All 65 seats in the Victorian Legislative Assembly 33 seats needed for a majority
|  | First party | Second party | Third party |
| Leader | Thomas Hollway | John McDonald | John Cain |
| Party | Liberal | Country | Labor |
| Leader since | 3 December 1940 | 22 November 1945 | 18 October 1937 |
| Leader's seat | Ballarat | Shepparton | Northcote |
| Last election | 10 seats | 18 seats | 31 seats |
| Seats won | 27 seats | 20 seats | 17 seats |
| Seat change | +17 | +2 | −14 |
| Percentage | 37.16% | 14.92% | 40.87% |
| Swing | +16.65 | −4.05 | −0.15 |
- Results in each electorate.
| Premier before election John Cain Labor | Elected Premier Thomas Hollway Liberal |

= 1947 Victorian state election =

Australian state election

The 1947 Victorian state election was held in the Australian state of Victoria on Saturday 8 November 1947 to elect 65 members of the state's Legislative Assembly. The election resulted in a landslide defeat for the Labor government of John Cain, which lost 14 seats and was reduced to 17, its lowest number since 1932. The opposition Liberal Party and Country Party won a combined total of 47 seats, with the Liberals alone capturing 27—a gain of 17—to become the largest party in the Assembly for the first time since the party's formation.
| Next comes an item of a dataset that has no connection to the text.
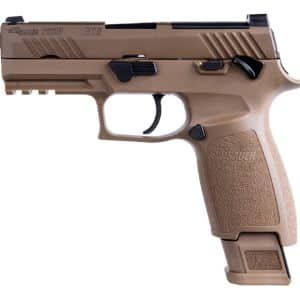 Tan semi-automatic pistol (SIG Sauer P320) shown in right-side profile with textured grip and loaded magazine.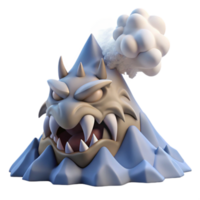 Angry Volcanic Monster 3D Render png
The campaign was dominated by federal issues, particularly the Chifley government's proposal to nationalise private banks. Opposition parties campaigned heavily against bank nationalisation, framing the state election as a referendum on the policy. Liberal leader Thomas Hollway, who became premier following the election, declared the result "the beginning of the fight against the Commonwealth Government" and pledged that the new government would "fight to the end to defeat Mr. Chifley's Bank Nationalisation programme." Country Party leader John McDonald interpreted the outcome as confirmation that "socialism is out for good in Victoria."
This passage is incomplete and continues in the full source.